The Aegean region centered on İzmir is a true breadbasket, with low hills and higher mountains framing fertile valleys full of rich alluvial soil. The dependable summer sun produces bumper crops of tobacco, sunflowers, olives, figs, peaches, pears and apples.
Rainfall averages 645 mm/25 inches per year; temperatures range from -8C/18F to 43C/109F, with average humidity of 69%.
Turkey’s southern shore is hemmed in by high mountain ranges. There’s some beach from Fethiye to Antalya, but east of Antalya the littoral broadens into the fertile Pamphylian plain(which is where you find Side) fringed with white sand beach.

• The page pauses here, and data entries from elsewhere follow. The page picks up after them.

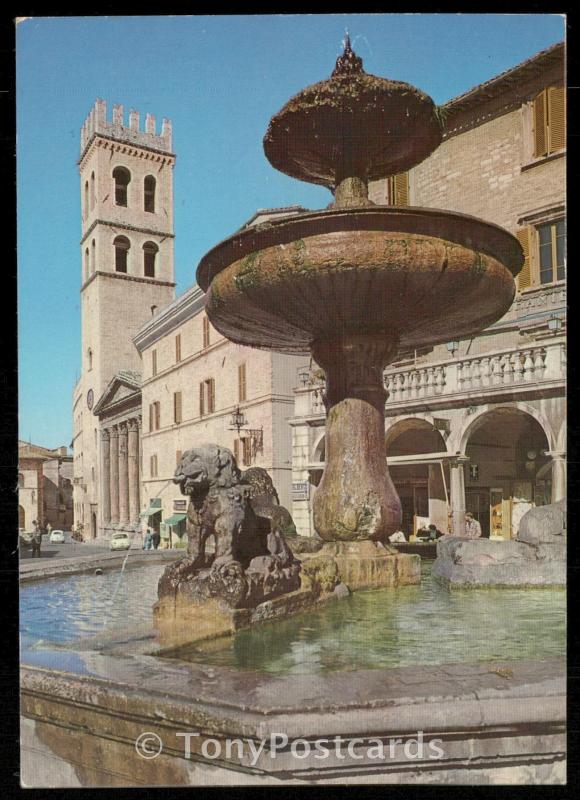 Assisi- Piazza del Comune e Tempio Minverva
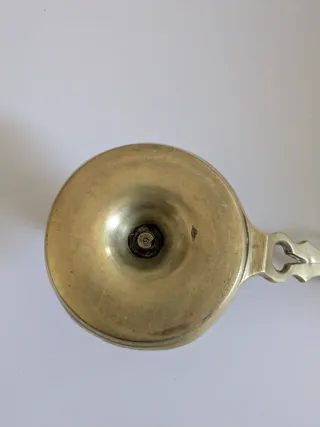 Palmatoria antigua de bronce con asa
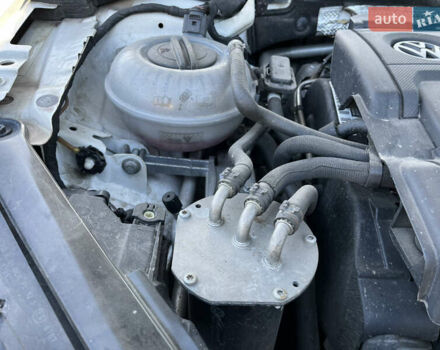 Белый Фольксваген Гольф, объемом двигателя 1.6 л и пробегом 238 тыс. км за 15000 $, фото 52 на Automoto.ua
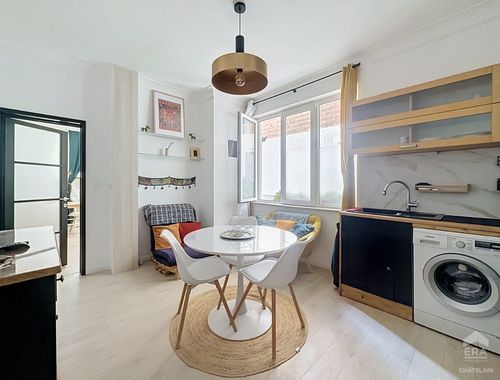                                         Appartement à louer à Bruxelles, € 1.050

Not far east of Alanya the mountains come down to the sea again, all the way east to Antakya, keeping this coast very hot and humid in summer: maximum 45C/113F, minimum -5C/23F; rainfall is 777 mm/31 inches.

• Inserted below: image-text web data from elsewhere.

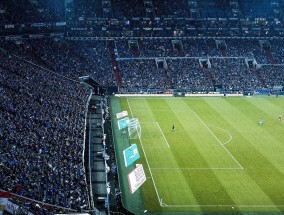 足彩网首页：深圳新鹏城主力后卫公开承认即将离队，未来或重返津门虎引发足坛热议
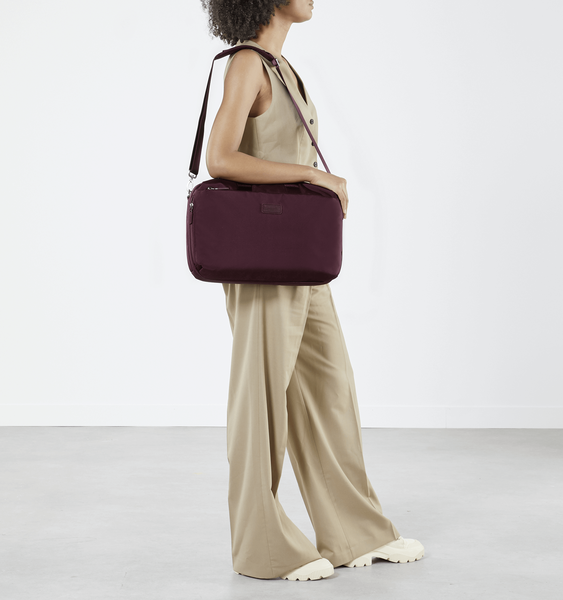 4BIZ tietokonelaukku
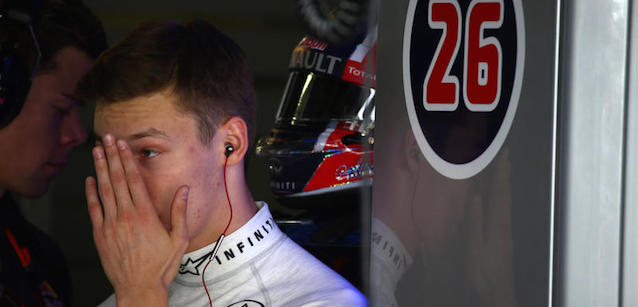 "Errore da debuttante" per Kvyat<br />Partir&agrave; dalla pit-lane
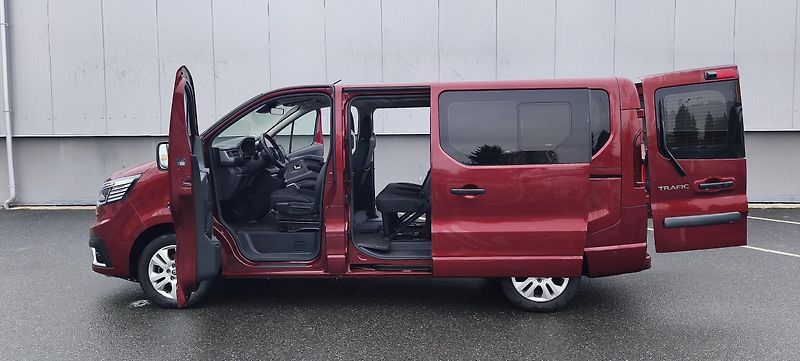 Renault Trafic (2022) - fotka 18 z 19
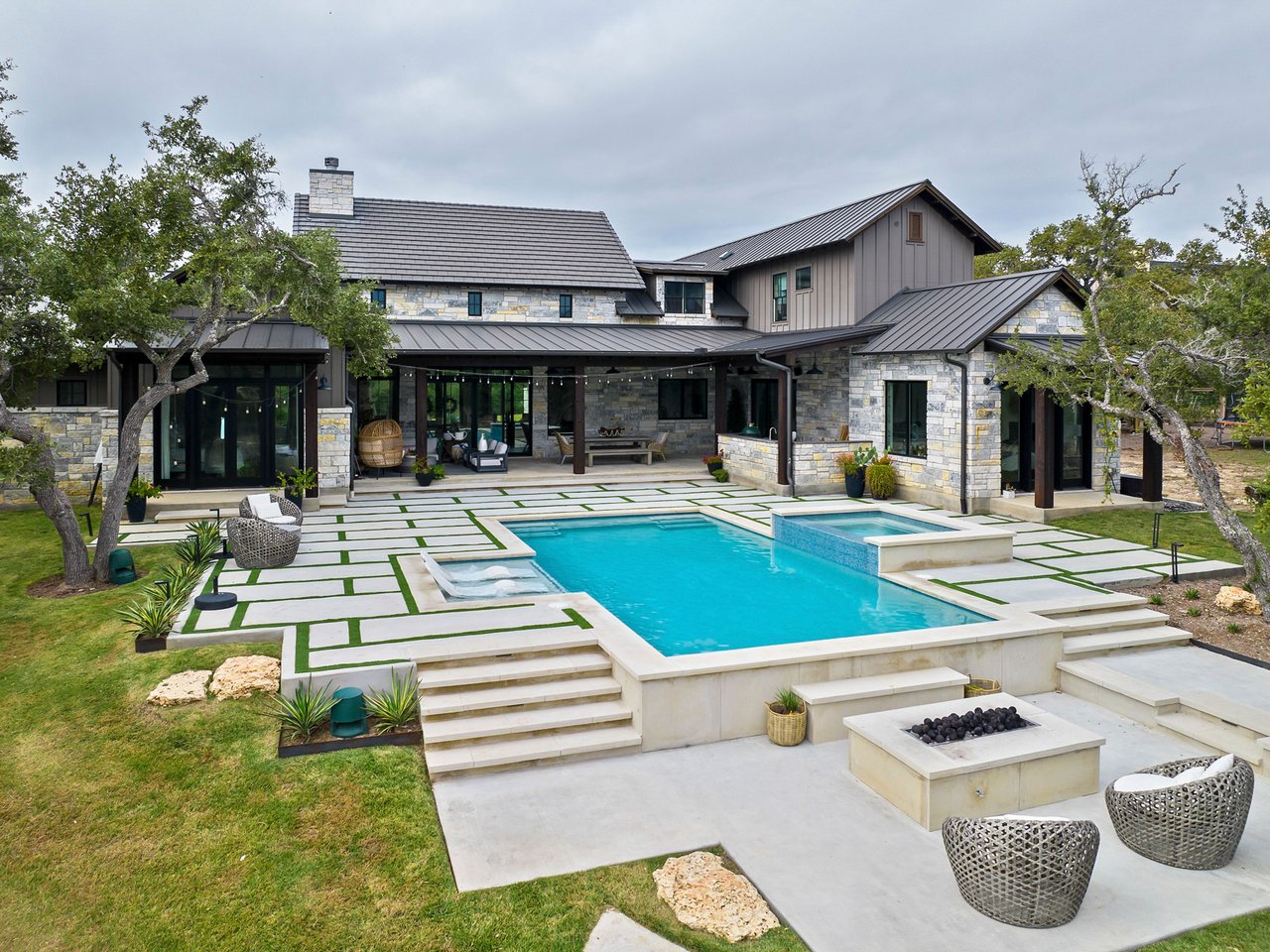 A Modern Hill Country Masterpiece at Creek Road Ranch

The center of Turkey is high plateau (elevation 900m/3000 feet at Ankara) of rolling steppe framed by mountain ranges, some of which boast snow-capped dormant volcanoes. (It was the volcanic Mt Erciyes near Kayseri that formed the Central Anatolian moonscape of Cappadocia.)
The land produces summer and winter wheat and other crops, and feeds millions of grazing sheep. Temperatures range from -25C/-13F to 40C/104F, with rainfall of only 382 mm/15 inches per year. The average humidity is 62%.
Black Sea Coast
Turkey’s Black Sea coast, 1700 km/1000 miles long, is surprisingly lush and green because of its 781 mm/31 inches of annual rainfall dropped as the winds crossing the Black Sea rise to vault the coastal mountains.
It’s cloudy much of the time, which seems to suit the tobacco fields. Cherries originated here, and are still grown in abundance, as are hazelnuts (filberts), of which Turkey supplies half the world’s requirements.
The lush grass feeds cattle which produce Turkey’s best milk, cream and butter. The humid coast east of Trabzon is perfect for growing tea bushes. In the steep evergreen-choked valleys above, you might think you’re in Central Europe, though warmer.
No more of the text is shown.